Multi-Contributor Combination Function
Status & scope
- Stage: DRAFT — ready to implement (replaces the
min(pair_scores)placeholder incorrelation.py:473-474) - Layer: compute (pure combination math — parallax library)
- Depends on: SPEC-PLATFORM-04 (Parallax service), CL-06 (lens emission), CL-09 (evidence chain), CL-08 (classification)
- Consumed by: quorum evaluation (weighted policies), dissent (
conflict_indicatoremission path), consensus session - Milestone: P0 — gates real production federation; gates Q3 2026 GA
Purpose
The current correlation.py:473-474 joint-confidence path is a placeholder:
all_scores = [r.pair_score for r in contributing_tuple if r.pair_score > 0]

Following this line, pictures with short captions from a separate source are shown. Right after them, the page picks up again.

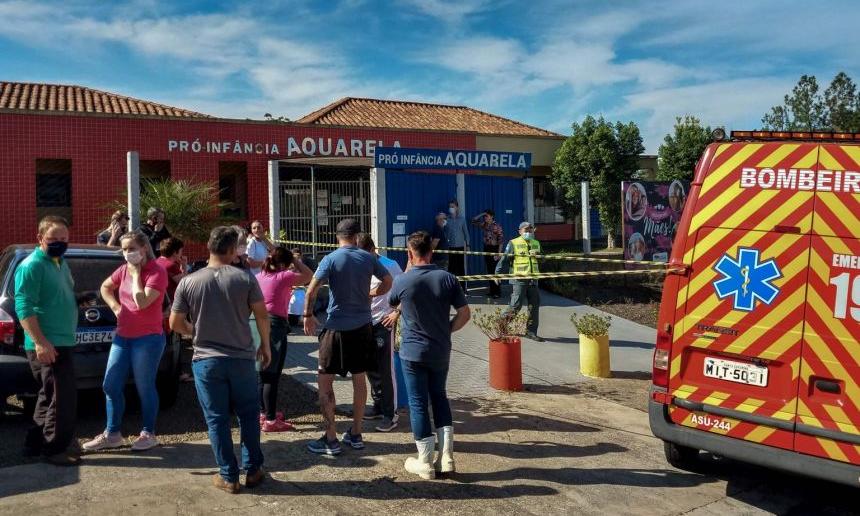 daycare knife attack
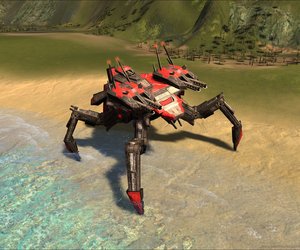 Supreme Commander: Forged Alliance Files
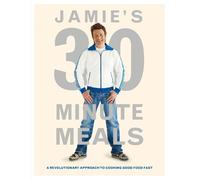 Jamie Oliver Jamie's 30-Minute Meals (Copertina rigida)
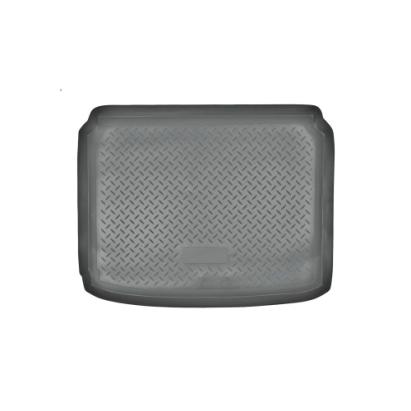 Tavita portbagaj Peugeot 308 I Hatchback (2007–2013), covor protectie negru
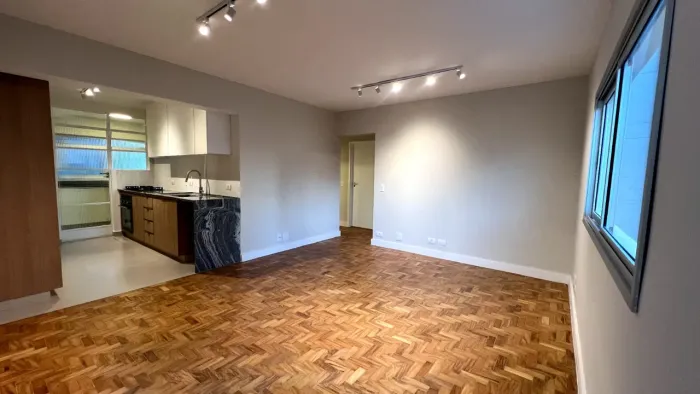 Apartamento MOEMA SAO PAULO SP Brasil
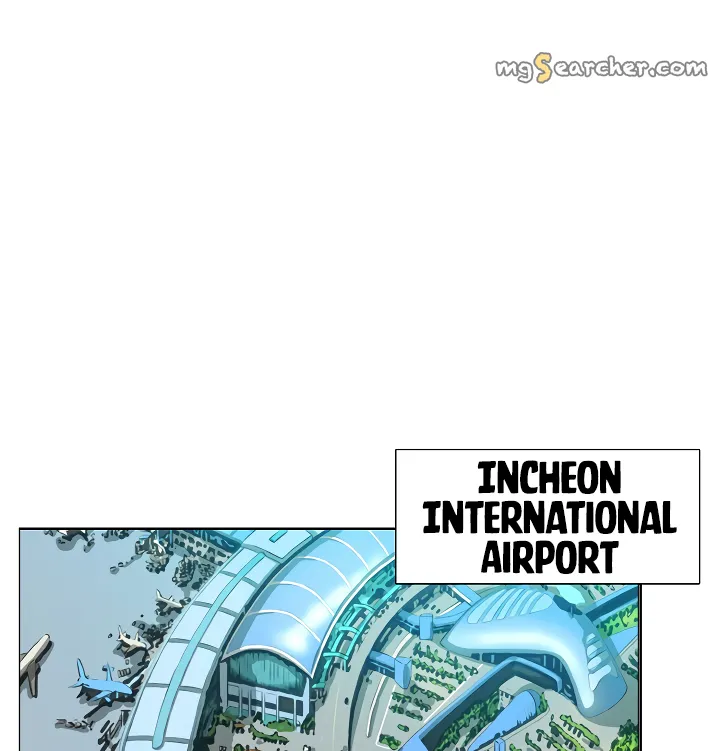 Read Rooftop Sword Master EN Manga Online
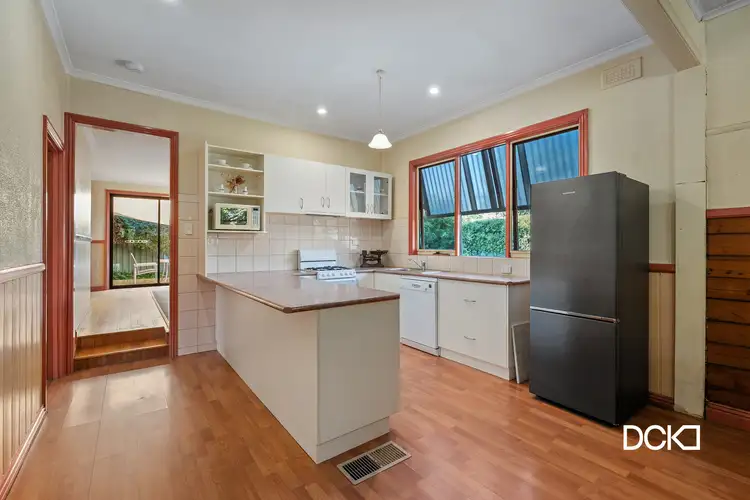 Fifth view of Homely house listing, 45 Uley Street, Bendigo VIC 3550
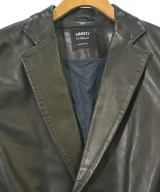 EMMETI（エンメティ）ジャケット 黒 サイズ:46(M位) メンズ/2200632708529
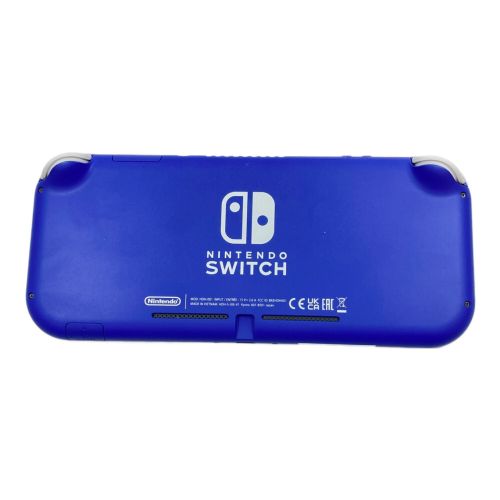 SWITCH (スイッチ) Nintendo Switch Lite XJJ40007590029 HDH-001 - 未使用品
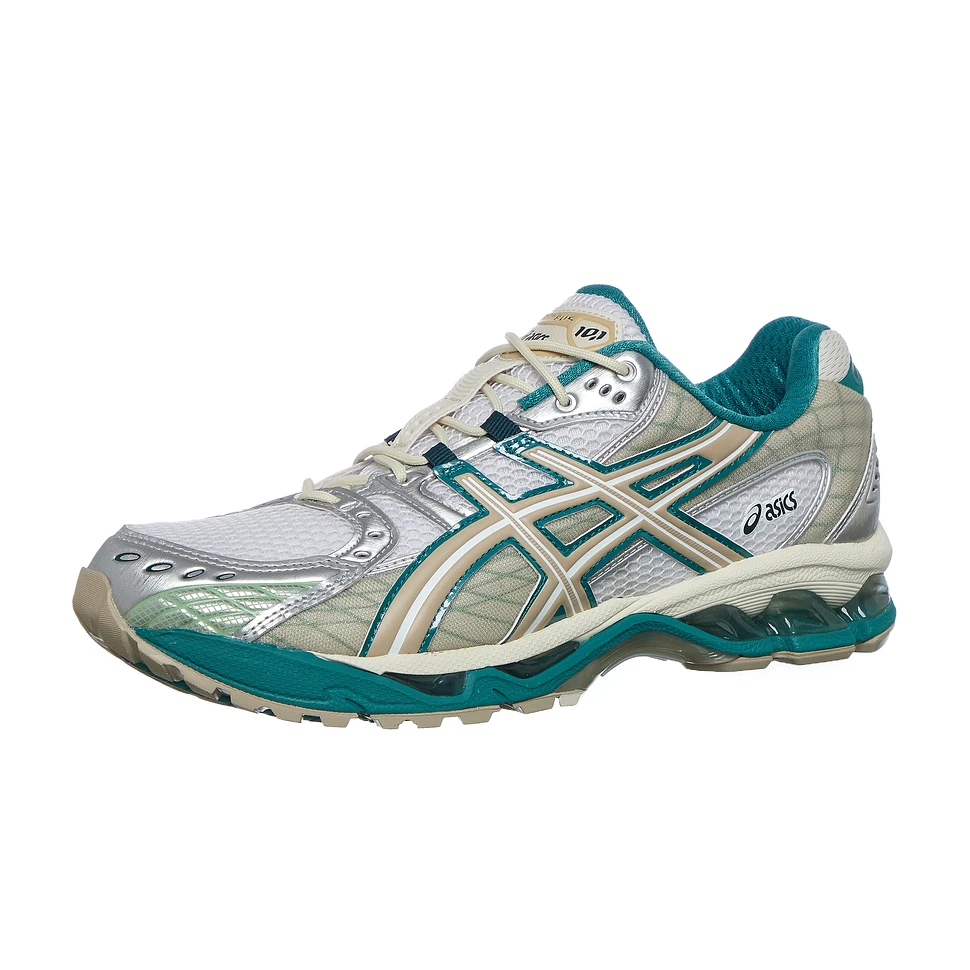Asics - Gel-Nimbus 10.1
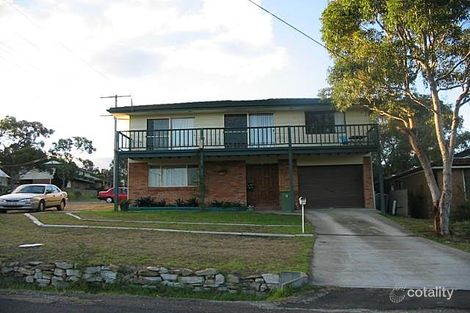 Property photo of 21 Eyre Crescent San Remo NSW 2262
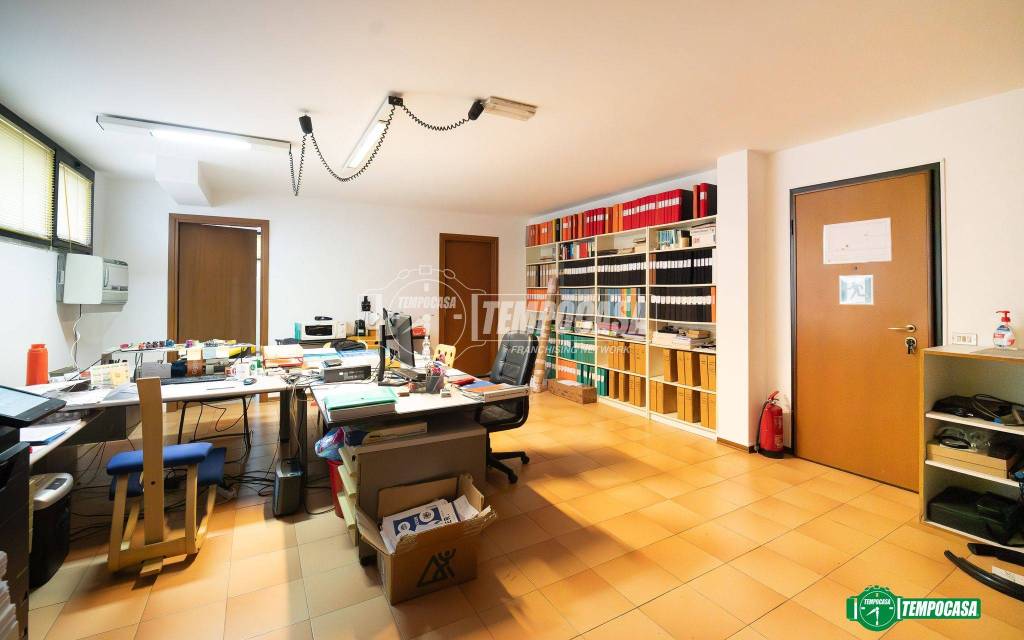appartamento in vendita ad Albiate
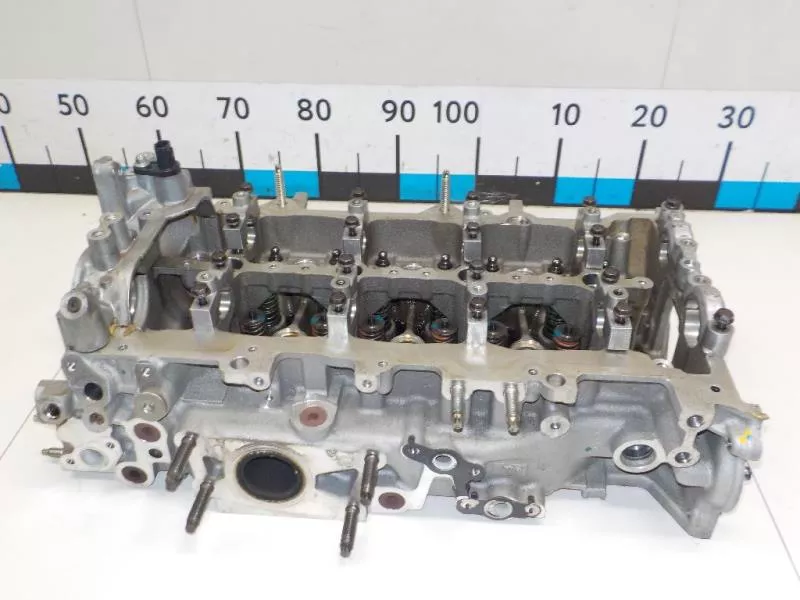 ГБЦ (головка блока цилиндров) ST296848 ГБЦ (головка блока цилиндров) ST296848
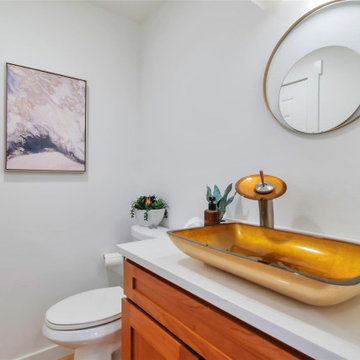 Bellevue, WA Home Staging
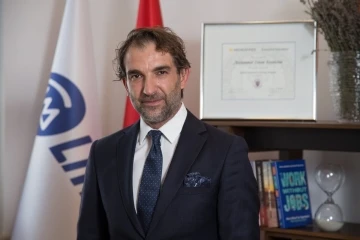 Limak Cement Global Academy S&uuml;rd&uuml;r&uuml;lebilirlik Eğitimi ile Gold Stevie &Ouml;d&uuml;l&uuml;&rsquo;n&uuml; kazandı
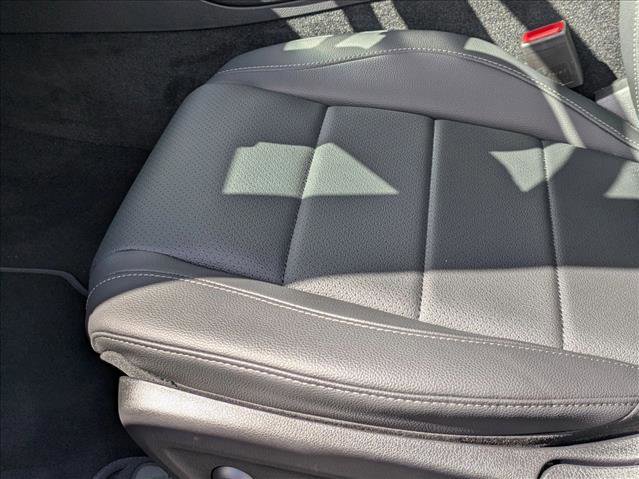 New 2026 Mercedes-Benz GLE 350 4MATIC image 4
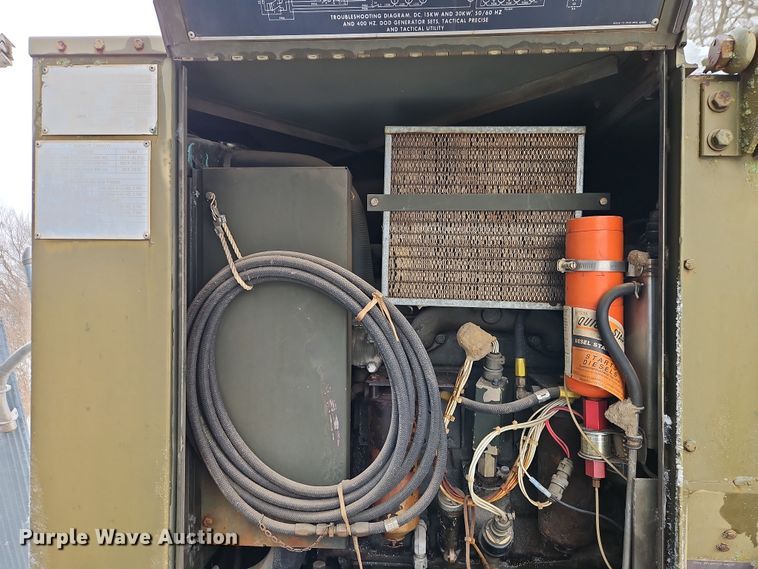 image for item EI8833 (3) generators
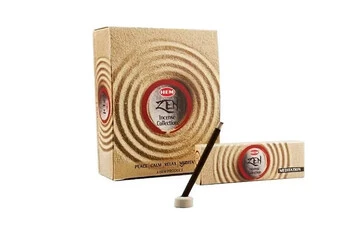Zen Relax Dhoop 25 Gr ürün görseli 1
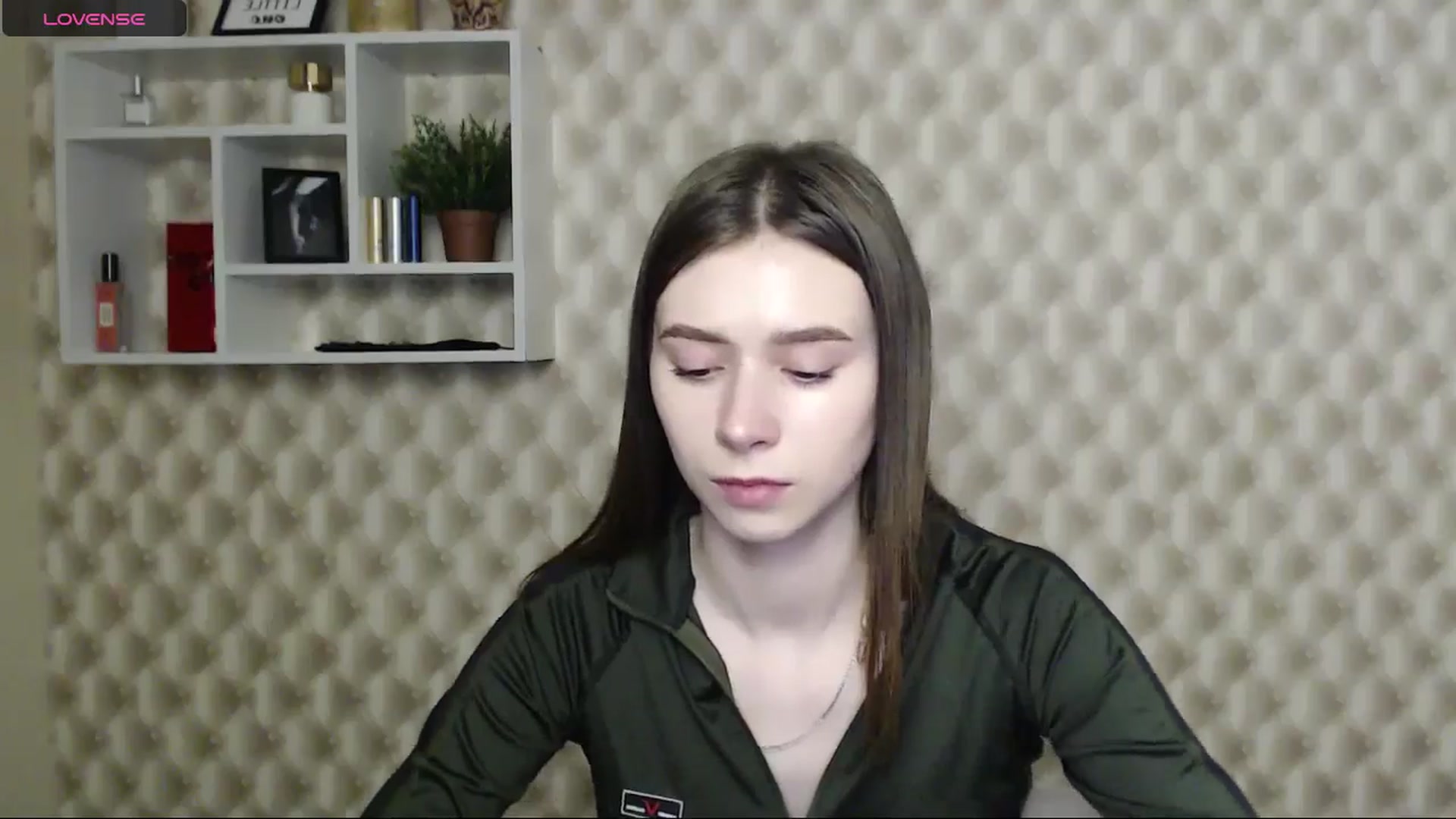 Gallery image thumbnail from NansyGilbz_'s myfreecams stream on, 05/03/2024, 10:29 image 9 of 20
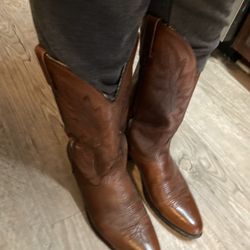 Cowboy Boots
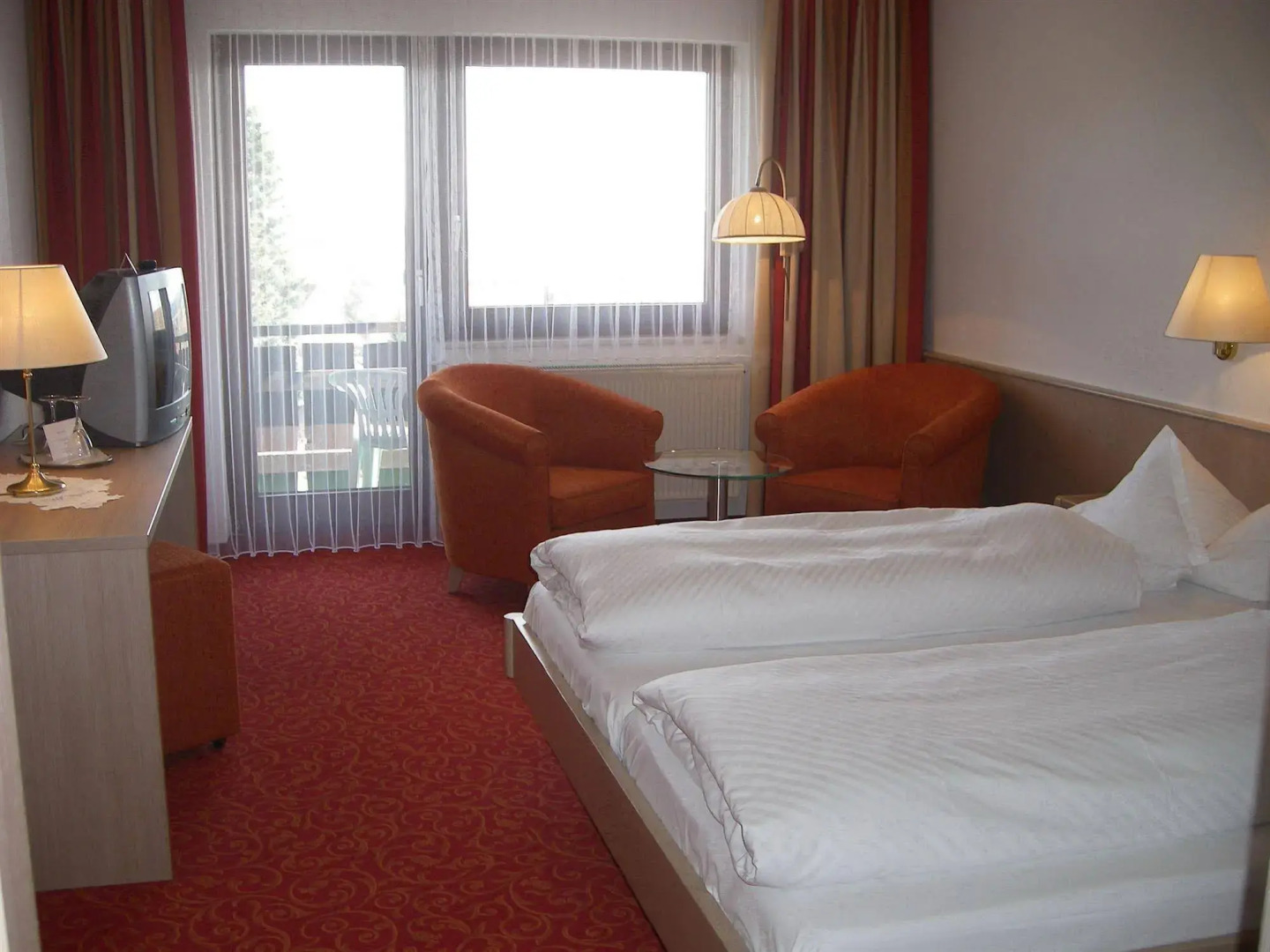 Wellnesshotel Hohenrodt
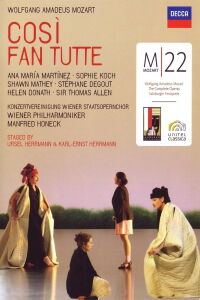 Cosi Fan Tutte (2006)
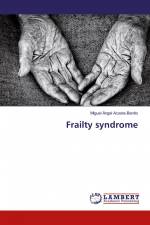 Frailty syndrome af Miguel Ángel Acosta-Benito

confidence = min(all_scores) if all_scores else cluster.aggregate_confidence
min(pair_scores) is wrong for production multi-contributor fusion. It ignores authority weighting (the STANAG 2022 fields accuracy and credibility already in ContributingRecord), it produces no conflict indicator, and it cannot represent dissent. This spec defines the real combiner.
Inputs and Outputs
Input
A list of contributions from N federates that have already produced pair scores against a common candidate match:
@dataclass(frozen=True)
class Contribution:
contributor_id: str # federate identifier (also serves as tenant_id when
# contribution arrives via federation per CL-10)
pair_score: float # [0.0, 1.0] — output of pair-level scoring
accuracy: int # STANAG 2022 source accuracy: 1 (high) – 6 (low)
credibility: int # STANAG 2022 data credibility: 1 (high) – 6 (low)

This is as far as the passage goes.